Task brief:
Skip every picture, and copy exactly the lines from the one containing "A man wearing" to the end of the data.

Material provided:

────

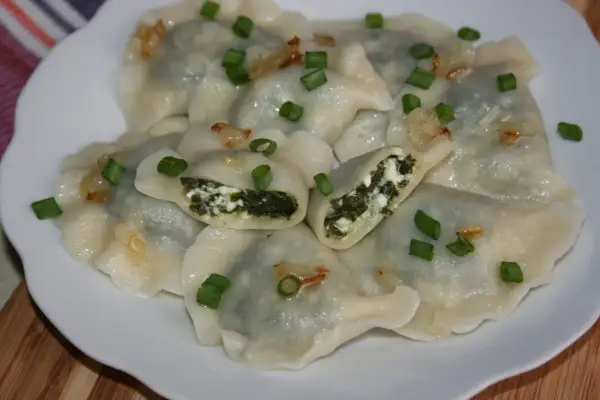 Pyszne pierogi ze szpinakiem i serem, posypane szczypiorkiem i skwarkami. Idealne na obiad!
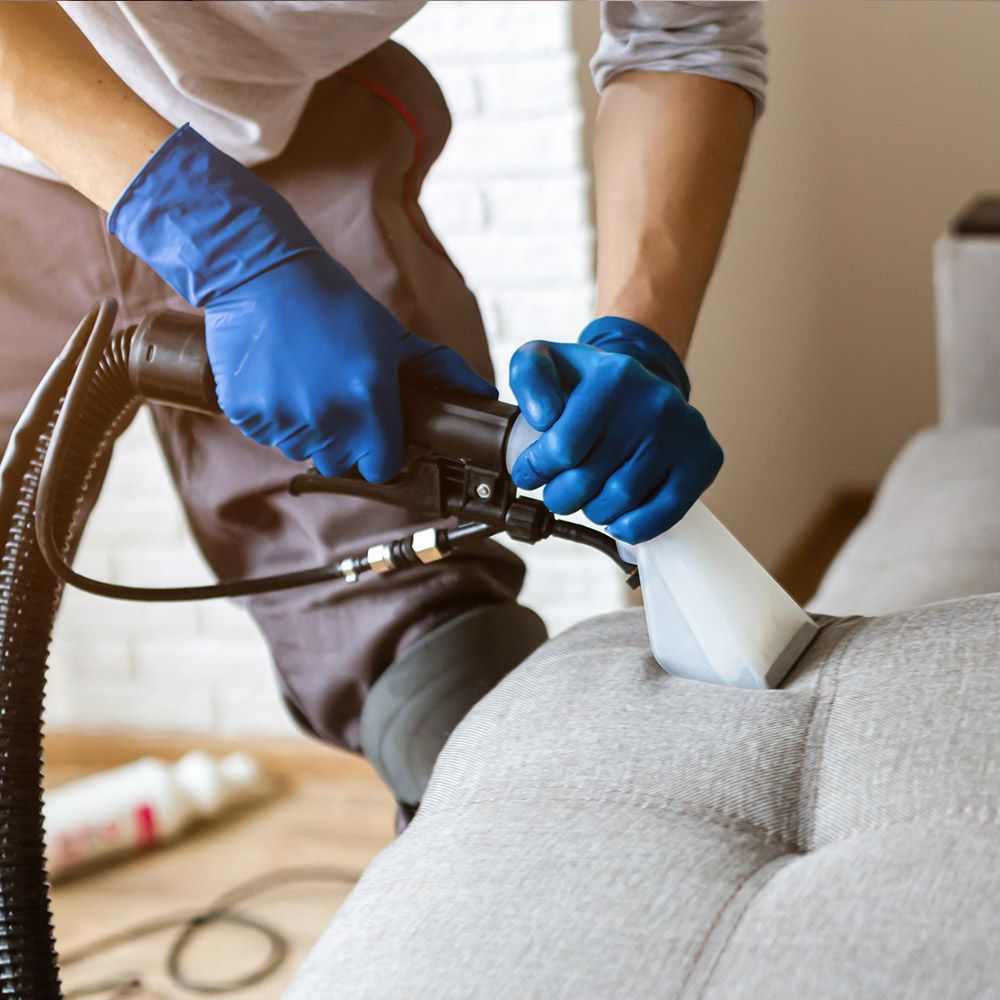 A man wearing blue gloves is cleaning a couch with a vacuum cleaner.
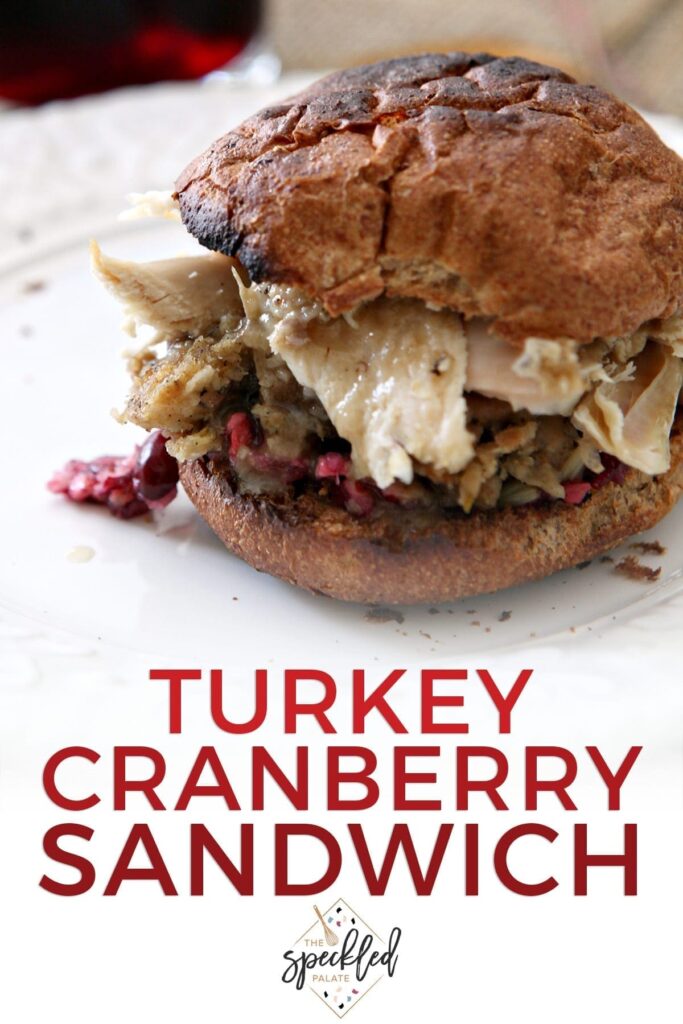 A toasted sandwich on a white plate with the text 'turkey cranberry sandwich'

────

Solution:
 A man wearing blue gloves is cleaning a couch with a vacuum cleaner.
 A toasted sandwich on a white plate with the text 'turkey cranberry sandwich'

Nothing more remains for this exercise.